Advanced Infrastructure Key to this
sustained economic growth is China's ever-improving economic
infrastructure. While countries such as Thailand and Mexico may be able to
compete on labor rate, they cannot guarantee on-time shipments. Their
infrastructure is old and in much decay. However, throughout China,
transportation networks are being upgraded to facilitate the large volumes
of exports being produced in its factories:
- Rail tracks have been doubled
- Expressways are being built
- Sealed roads lead to factories throughout the country
- Ports are being modernized
- All major ports are connected with railways and highways
IP Conditions As China is the leading manufacturing
country of the world; its legislation has adopted new commercial and
intellectual property laws in recent years to favor those foreign
companies conducting business in China.
Accession to the
WTO China's formal accession to the WTO was agreed upon on
December 11, 2001. With this accession it is predicted that China will
become one of the largest Economies in 50 years.
Chinese
Domestic Market The number of businesses operating in China is
rapidly increasing. Over 200,000 foreign companies are already
manufacturing in China.
Agent or Direct
source: There are benefits and disadvantages to both approaches.
A company must acquire a set of basic capabilities for outsourcing, such
as the expertise to evaluate a suppliers' ability to meet requirements;
test preproduction prototypes; create samples; and fulfill logistic
activities such as setting up a bonded warehouse. It is very common for a
company to work initially with U.S. - or China-based agents until the
internal staff are trained to deal directly with the Chinese suppliers.
Nevertheless, if your company sources more than $100 million a year in
products from China, it makes economic sense to have a unit that can go
directly to the suppliers. However, certain agents are skilled at handling
complex product categories, and a healthy flow of agents can provide
useful information about changes in the marketplace.

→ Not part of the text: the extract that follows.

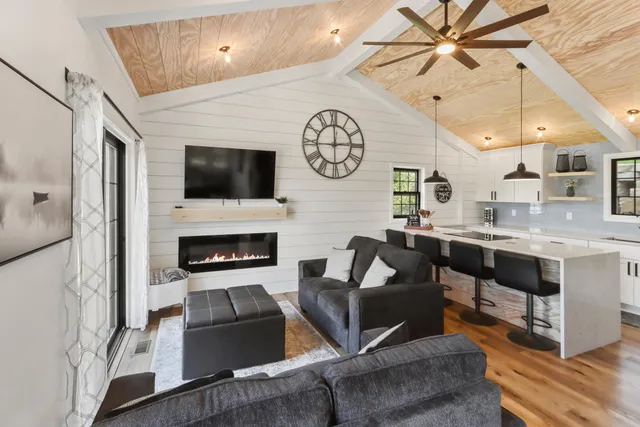 $989,000 | W2186 Wilmers Grove Drive, East Troy, WI 53120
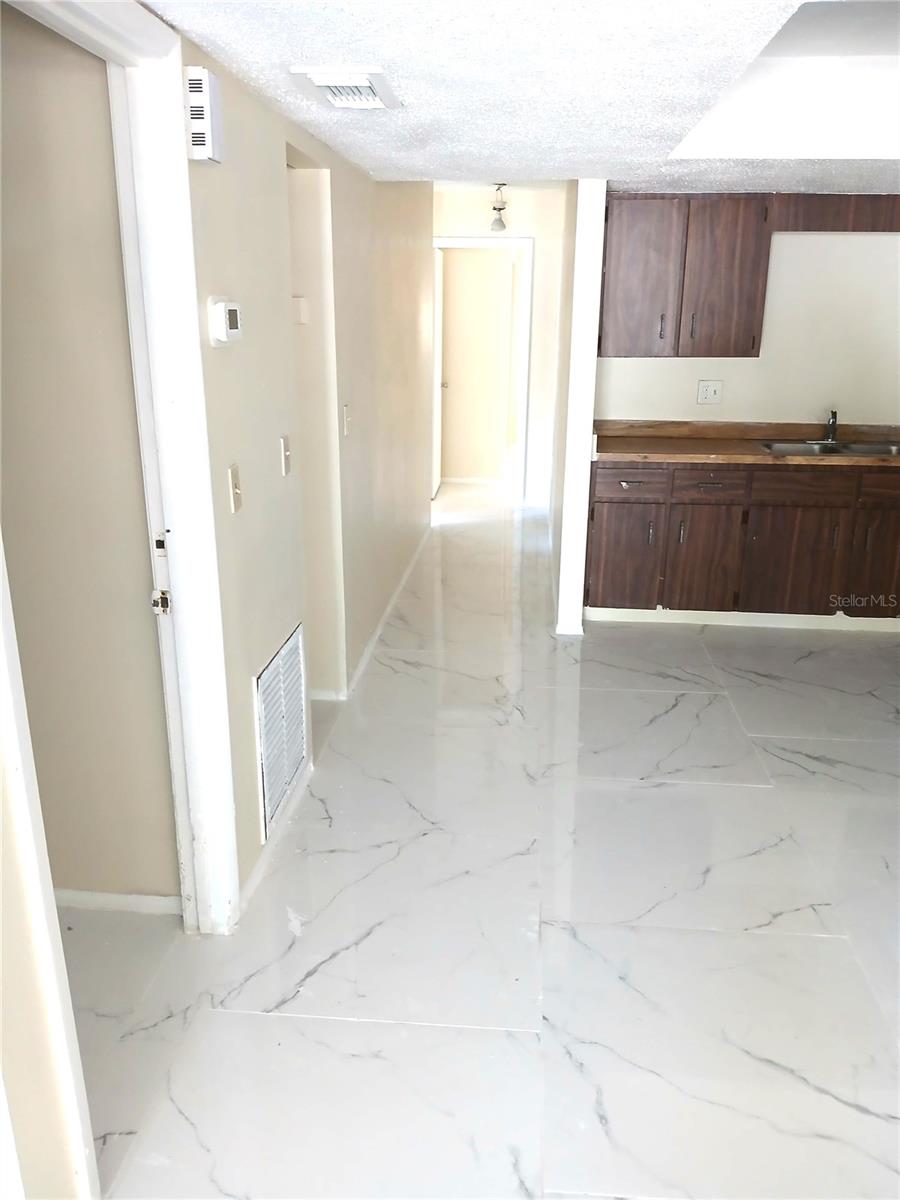 BUCKEYE MANOR - Residential Income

Savings: What can happen if I do not proactively
investigate the benefits of outsourcing manufacturing in China? If your
competitors successfully outsource manufacturing in China and can offer
prices to your customers that are 30% to 50% less than they are currently
paying you, you're going to lose customers in a hurry. Most large
companies, including Wal-Mart and GE, are already asking their suppliers
to set up manufacturing operations in China, and many of your customers
are likely to follow suit in the near future.